Multiclass semantic segmentation giving zero in all output channels except for the first channel

I am training a UNet model for multiclass semantic segmentation. My training loop is as follows

for X, y in dataloader:
        X, y = X.to(device), y.to(device).squeeze().long()
        optimizer.zero_grad()
        pred = model(X) # [N, C, H, W]
        loss = loss_fn(pred, y)

I am using nn.CrossEntropyLoss as loss function which requires the input to have shape [N, C, H, W] and target to have shape [N, H, W]. After training the model, I am having 0.37 training loss and 0.32 validation loss. But the prediction that I am getting is like shown below, only the first channel in the prediction has some valid logit while all other channels have 0

array([[[4.554523 , 4.376083 , 4.3859653, ..., 4.385881 , 4.3868537,
         4.5185075],
        [4.372363 , 4.3757625, 4.387993 , ..., 4.387873 , 4.3772345,
         4.3609285],
        [4.3757234, 4.3763394, 4.378887 , ..., 4.3940897, 4.3748627,
         4.374463 ],
        ...,
        [4.377365 , 4.3794756, 4.3913045, ..., 4.3968244, 4.386844 ,
         4.36672  ],
        [4.379352 , 4.3720374, 4.3786154, ..., 4.3863754, 4.376202 ,
         4.368247 ],
        [4.4423575, 4.385245 , 4.3882155, ..., 4.3879733, 4.387912 ,
         4.3996263]],

       [[0.       , 0.       , 0.       , ..., 0.       , 0.       ,
         0.       ],
        [0.       , 0.       , 0.       , ..., 0.       , 0.       ,
         0.       ],
        [0.       , 0.       , 0.       , ..., 0.       , 0.       ,
         0.       ],
        ...,
        [0.       , 0.       , 0.       , ..., 0.       , 0.       ,
         0.       ],
        [0.       , 0.       , 0.       , ..., 0.       , 0.       ,
         0.       ],
        [0.       , 0.       , 0.       , ..., 0.       , 0.       ,
         0.       ]]], dtype=float32)

What should I do?

Is your model returning logits or are you applying e.g. nn.ReLU on the output?

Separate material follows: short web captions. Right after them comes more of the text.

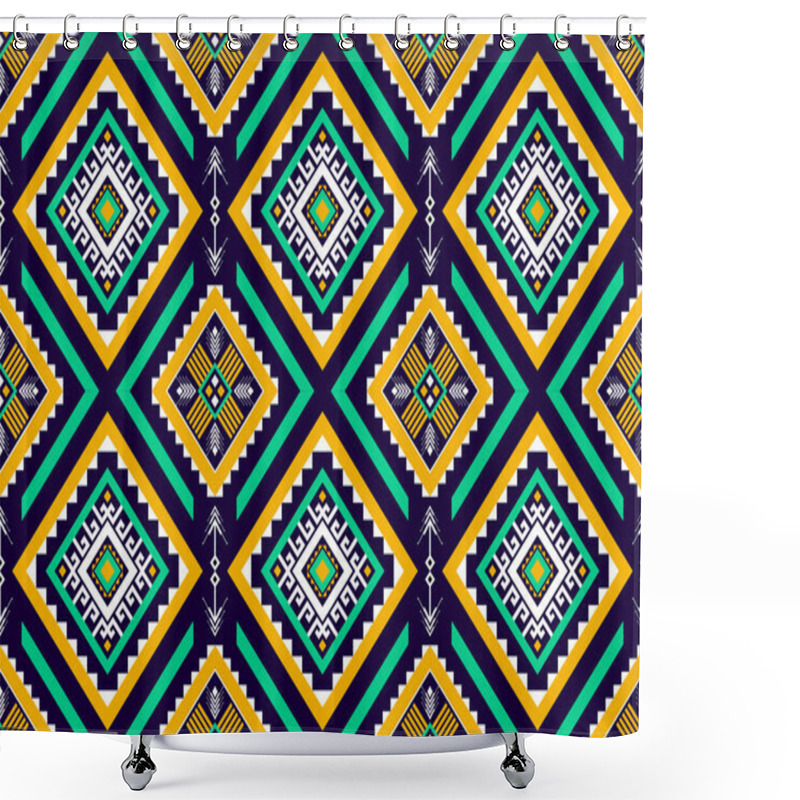 Personality  Geometric Ethnic Oriental Seamless Pattern Traditional. Design For Background, Carpet,wallpaper,clothing,wrapping,batik,fabric,Vector,illustration,embroidery. Shower Curtains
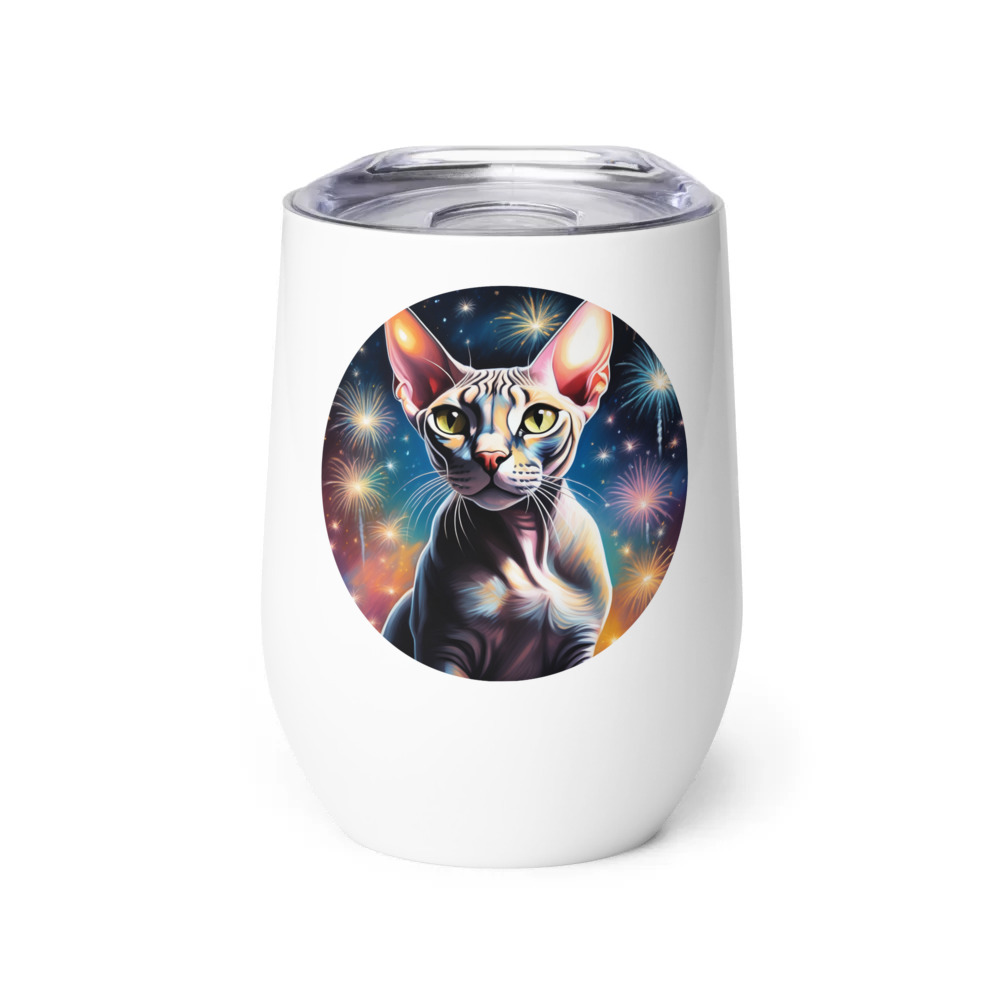 PugMug Custom Tabby Sphynx Cat Wine Tumbler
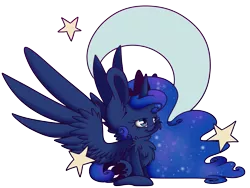 Size: 10616x7976 | Tagged: absurd resolution, artist:cutepencilcase, chest fluff, derpibooru import, fluffy, moon, princess luna, safe, solo, stars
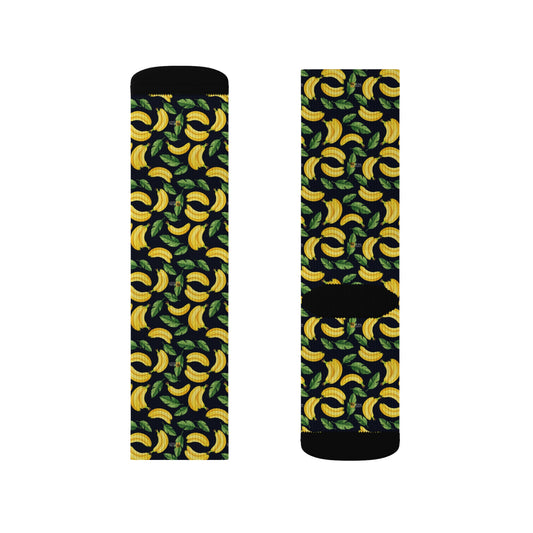 Banana Patterned Sublimation Socks, Fun Fruit Socks, Unique Gift, Summer Vibes, Casual Style, Eco-Friendly Fashion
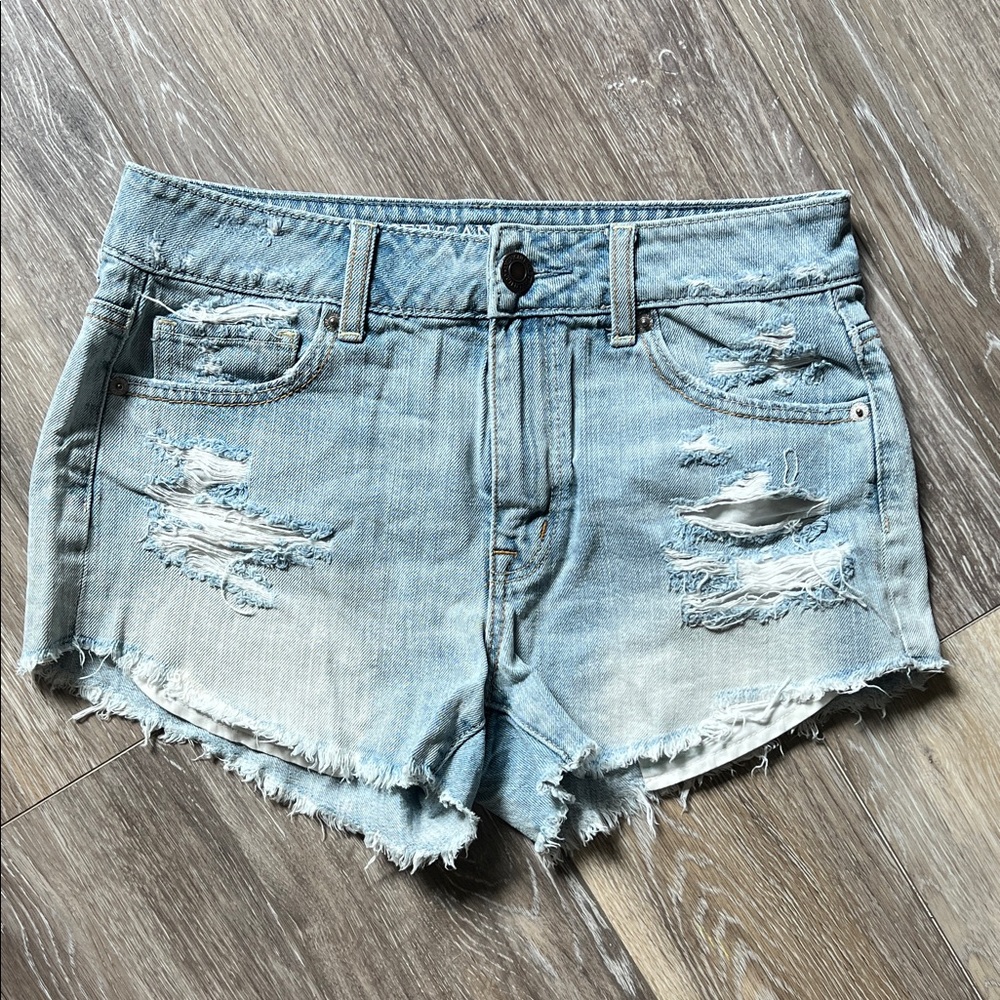 American Eagle Outfitters Light Blue Distressed Jean Shorts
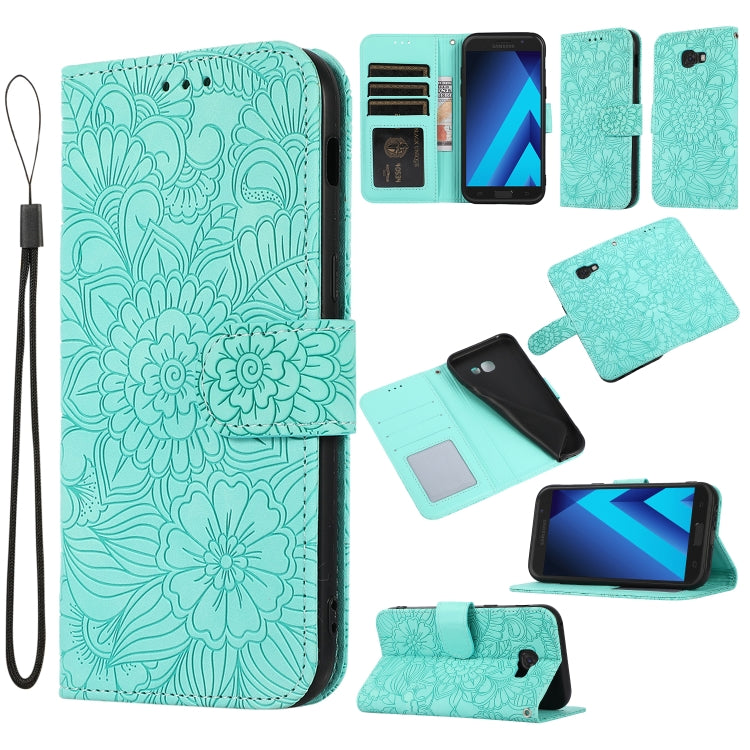 For Samsung Galaxy A5 (2017) Skin Feel Embossed Sunflower Horizontal Flip Leather Case with Holder & Card Slots & Wallet & Lanyard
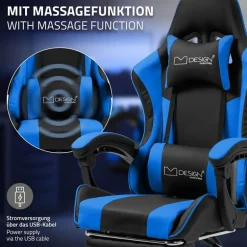 Massage Gaming Stuhl Schwarz/Blau aus PU-Leder ML-Design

I am applying ReLU after the very last convolution layer that has out_channels = no of classes.

Remove it so your model is returning raw logits.

Thank you, but I have another doubt, should I keep the Batch Normalization layer or should I remove that as well?

Keep all layers and call model.eval() for the validation loop and model.train() before starting the training. This makes sure some layers change their behavior according to training/validation runs. E.g. batchnorm layers will use the running stats during validation runs to normalize the activation inputs.